France: Minister calls for security at mosques after attack

Interior minister Darmanin demands police presence after vandals target site in Rennes on the eve of Ramadan.

Muslim worshippers pray in the courtyard during Friday prayers at the Grande Mosquee de Pantin (Pantin Great Mosque) on the day of its reopening in Pantin, a northern Paris suburb, on April 9, 2021 [Photo by Christophe Archambault/AFP]

France’s interior minister has called for greater security for Muslim places of worship after vandals defaced the walls of a mosque days before the start of Ramadan.

Early on Sunday, a caretaker and members of the local Muslim community discovered graffiti on a mosque and Muslim cultural centre in the western city of Rennes.

The graffiti included tags insulting Islam and the Prophet Muhammad, references to restarting the Crusades and a call for Catholicism to be made the state religion.

The prosecutor’s office in Rennes has launched an investigation.

Addressing reporters during a visit to the site, Minister of Interior Gerald Darmanin denounced the vandalism and expressed “solidarity” with France’s 5.7 million Muslims.

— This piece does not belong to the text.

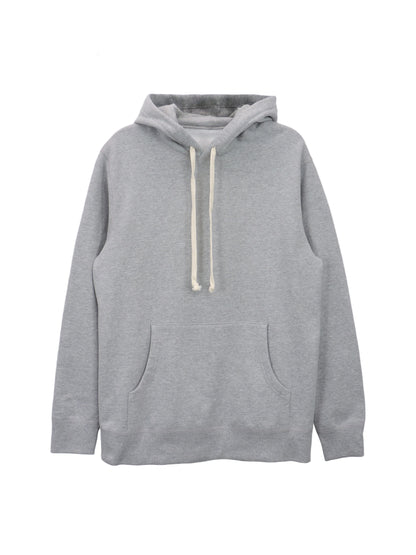 Heather Grey Heavy Fleece Hoodie with White Drrawstrings and Kangeroo Pouch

“The anti-Muslim inscriptions that have been inscribed on this cultural and religious centre are unacceptable,” Darmanin said. “Freedom of worship in France is a fundamental freedom.”

Translation: I am in Rennes this evening to demonstrate the government’s solidarity with the Muslims of our country. The anti-Muslim inscriptions that have been inscribed on this cultural and religious centre are unacceptable. Freedom of worship in France is a fundamental freedom!

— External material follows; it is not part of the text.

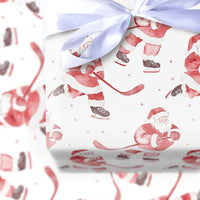 Ice Hockey Holiday Gift Wrap, Hockey Santa Christmas Wrapping Paper, Sporty Santa Wrapping Paper, Ice Hockey Player Gift Wrapping Paper
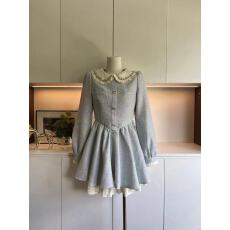 批发Blovelan浅海贝拉 miu系千金小香风娃娃领粗纺纱绣亮片<b class='q'>连衣裙</b>秋冬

He said he has asked French police and the gendarmerie, which is responsible for policing smaller towns rural areas, to “strengthen vigilance around Muslim places of worship … at the dawn of Ramadan”.

The holy month of Ramadan is set to commence on Tuesday, in line with the sighting of the new moon.

But there are mounting fears for the safety of French Muslims during the annual observance, during which Muslims abstain from eating and drinking from dawn until sunset, amid a spate of ostensibly Islamophobic incidents in recent days.

In the western city of Nantes, the door of a mosque was destroyed by fire on Thursday night.

On Friday, a 24-year-old neo-Nazi was charged for making threats against a mosque in Le Mans, also in western France.

Abdallah Zekri, president of the National Observatory Against Islamophobia, denounced what he called an anti-Islam climate.

“Unfortunately, the declarations of certain politicians are only making things worse,” he told the AFP news agency.

Paris pushes ‘anti-separatism’ bill

The latest incidents have taken place as France’s sometimes fragile relationship with its Muslim minority, the largest in Europe, is tested.

Recently, France’s Senate voted in favour of banning girls under the age of 18 from wearing the hijab in public. The hijab is a headscarf worn by many Muslim women and has been the subject of a decades-long feud in France.

The Senate’s move was tied to President Emmanuel Macron push to introduce a so-called “anti-separatism” bill.

Paris says the proposed legislation will bolster France’s secular system. But critics have denounced the bill, arguing it singles out Muslims.

The restriction on the wearing of the hijab is not yet law, with the National Assembly required to sign off on any amendments to the “anti-separatism” bill before they can take effect.

The National Assembly, which is dominated by Macron’s centrist La République En Marche (LREM) party, has already approved the original bill.

Amnesty International last month warned the draft law posed a “serious attack on rights and freedoms in France” and called for “many problematic provisions” of the bill to be scrapped or amended.

The legislation has been debated in a highly charged atmosphere in France after three attacks late last year, including the beheading on October 16 of teacher Samuel Paty, who had shown his students caricatures of the Prophet Muhammad during a lesson on free speech.